Exercise description:
Set down the data below from its first line to the line holding "Finally, the Probability", inclusive; omit all pictures.

Records supplied:
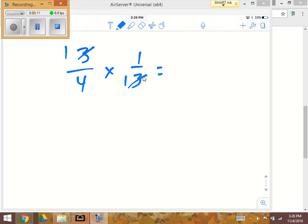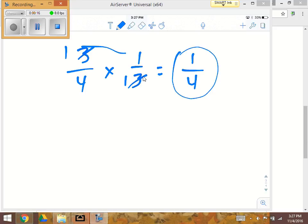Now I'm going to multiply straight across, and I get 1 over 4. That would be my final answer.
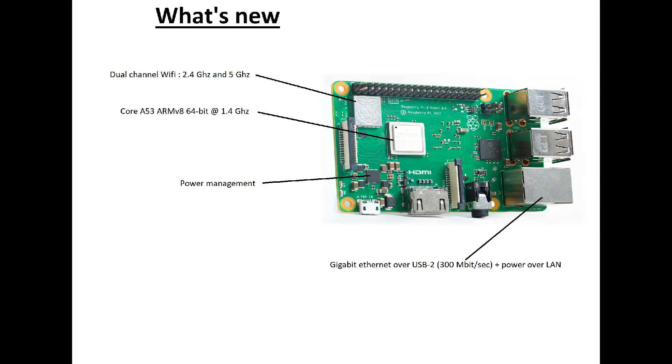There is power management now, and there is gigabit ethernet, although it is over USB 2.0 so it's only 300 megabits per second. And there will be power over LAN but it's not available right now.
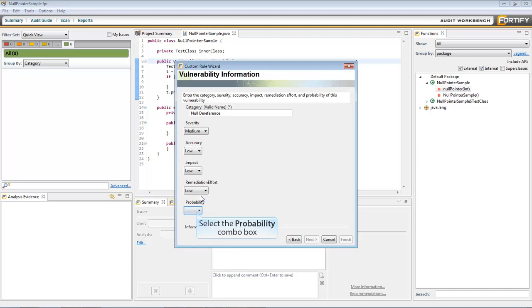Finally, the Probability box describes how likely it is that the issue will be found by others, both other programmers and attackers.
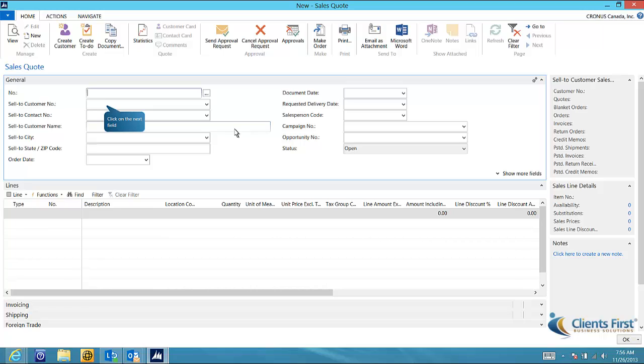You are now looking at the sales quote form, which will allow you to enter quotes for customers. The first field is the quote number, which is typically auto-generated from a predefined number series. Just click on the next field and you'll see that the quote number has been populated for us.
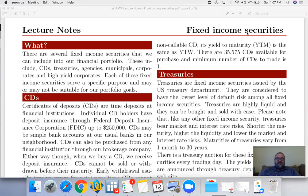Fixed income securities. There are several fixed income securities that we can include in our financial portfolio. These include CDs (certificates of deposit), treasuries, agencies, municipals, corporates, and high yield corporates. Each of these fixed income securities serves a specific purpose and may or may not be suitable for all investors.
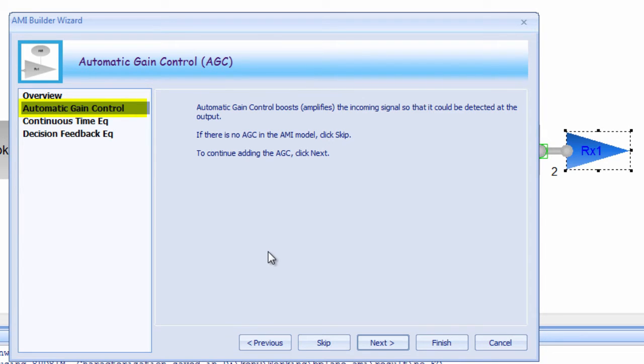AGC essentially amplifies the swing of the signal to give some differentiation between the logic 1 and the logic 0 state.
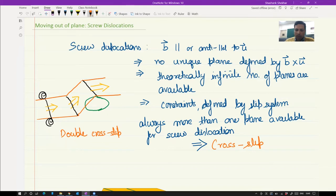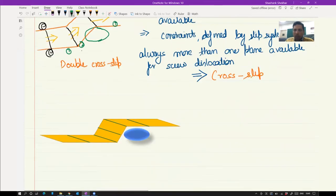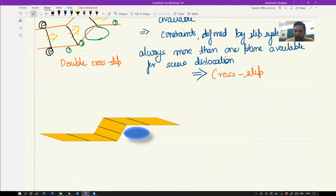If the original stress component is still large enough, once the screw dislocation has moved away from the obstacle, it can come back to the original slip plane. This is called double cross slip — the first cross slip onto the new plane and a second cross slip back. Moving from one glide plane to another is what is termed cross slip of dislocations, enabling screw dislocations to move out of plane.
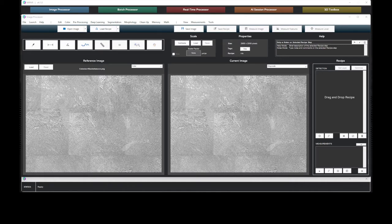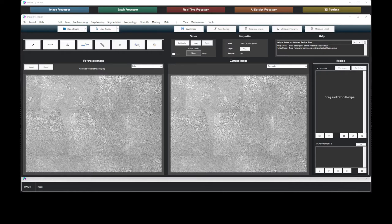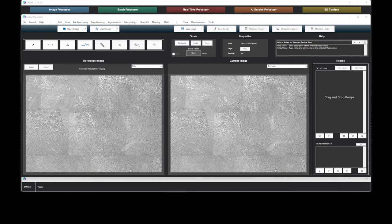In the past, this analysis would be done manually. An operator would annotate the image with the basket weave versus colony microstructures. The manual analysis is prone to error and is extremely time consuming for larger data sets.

Finished task:
Now I'm going to multiply straight across, and I get 1 over 4. That would be my final answer.
There is power management now, and there is gigabit ethernet, although it is over USB 2.0 so it's only 300 megabits per second. And there will be power over LAN but it's not available right now.
Finally, the Probability box describes how likely it is that the issue will be found by others, both other programmers and attackers.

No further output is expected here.